Andrew Jackson Kuykendall (March 3, 1815 – May 11, 1891) was a U.S. Representative from Illinois.

Biography
Born in Gallatin County, Illinois, Kuykendall completed preparatory studies and later studied law. He was admitted to the bar in 1840 and commenced practice in Vienna, Illinois. He served as member of the Illinois House of Representatives from 1842 to 1862.

During the Civil War, Kuykendall served one year in the Union Army as the major of the 31st Illinois Infantry.
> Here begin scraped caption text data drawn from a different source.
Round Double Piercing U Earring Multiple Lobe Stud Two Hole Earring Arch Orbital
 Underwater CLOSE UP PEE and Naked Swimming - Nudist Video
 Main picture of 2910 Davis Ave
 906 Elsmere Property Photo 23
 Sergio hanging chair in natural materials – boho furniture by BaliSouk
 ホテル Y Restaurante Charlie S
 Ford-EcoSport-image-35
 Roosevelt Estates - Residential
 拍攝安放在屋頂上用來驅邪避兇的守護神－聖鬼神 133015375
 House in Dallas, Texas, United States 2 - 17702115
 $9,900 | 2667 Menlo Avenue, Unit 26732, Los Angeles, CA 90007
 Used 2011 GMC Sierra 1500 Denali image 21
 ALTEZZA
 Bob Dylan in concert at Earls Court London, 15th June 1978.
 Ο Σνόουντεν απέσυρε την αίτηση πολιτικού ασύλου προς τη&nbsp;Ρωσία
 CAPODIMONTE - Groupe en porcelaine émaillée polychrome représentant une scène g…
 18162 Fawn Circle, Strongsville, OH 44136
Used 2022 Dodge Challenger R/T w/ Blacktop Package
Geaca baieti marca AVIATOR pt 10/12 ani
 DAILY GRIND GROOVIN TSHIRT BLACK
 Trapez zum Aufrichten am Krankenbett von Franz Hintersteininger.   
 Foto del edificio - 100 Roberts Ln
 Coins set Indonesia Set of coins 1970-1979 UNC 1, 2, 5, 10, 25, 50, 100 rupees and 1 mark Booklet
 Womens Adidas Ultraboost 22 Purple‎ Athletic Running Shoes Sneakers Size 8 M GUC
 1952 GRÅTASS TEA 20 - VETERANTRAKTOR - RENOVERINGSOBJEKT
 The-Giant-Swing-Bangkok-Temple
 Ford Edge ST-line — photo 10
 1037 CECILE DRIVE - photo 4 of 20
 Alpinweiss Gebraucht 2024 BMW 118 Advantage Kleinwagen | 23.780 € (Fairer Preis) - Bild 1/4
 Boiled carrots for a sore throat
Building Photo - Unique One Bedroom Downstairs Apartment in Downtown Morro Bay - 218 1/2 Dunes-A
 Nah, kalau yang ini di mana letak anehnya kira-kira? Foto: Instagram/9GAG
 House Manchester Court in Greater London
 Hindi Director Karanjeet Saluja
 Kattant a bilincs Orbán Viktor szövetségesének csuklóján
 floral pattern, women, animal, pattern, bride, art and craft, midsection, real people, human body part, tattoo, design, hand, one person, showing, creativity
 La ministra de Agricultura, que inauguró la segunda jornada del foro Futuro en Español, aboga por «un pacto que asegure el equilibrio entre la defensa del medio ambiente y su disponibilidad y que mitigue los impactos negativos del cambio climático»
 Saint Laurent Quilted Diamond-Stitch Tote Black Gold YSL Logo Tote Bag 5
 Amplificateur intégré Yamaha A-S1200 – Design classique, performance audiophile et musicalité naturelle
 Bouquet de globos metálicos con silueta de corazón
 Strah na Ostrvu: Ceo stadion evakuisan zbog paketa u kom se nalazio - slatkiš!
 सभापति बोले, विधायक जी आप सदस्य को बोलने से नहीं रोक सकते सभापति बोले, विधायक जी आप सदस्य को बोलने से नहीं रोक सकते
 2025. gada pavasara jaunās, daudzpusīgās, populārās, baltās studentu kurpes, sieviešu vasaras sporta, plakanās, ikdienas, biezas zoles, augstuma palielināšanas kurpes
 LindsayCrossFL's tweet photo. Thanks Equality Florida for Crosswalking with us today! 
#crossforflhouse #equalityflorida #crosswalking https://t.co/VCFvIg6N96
Kuykendall was elected as a Republican to the Thirty-ninth Congress (March 4, 1865 – March 3, 1867). He resumed the practice of law in Vienna, Illinois. He later served as the county and probate judge of Johnson County, Illinois from 1873 to 1881. He served as member of the Illinois State Senate from 1878 to 1882. He retired from public life and engaged in agricultural pursuits.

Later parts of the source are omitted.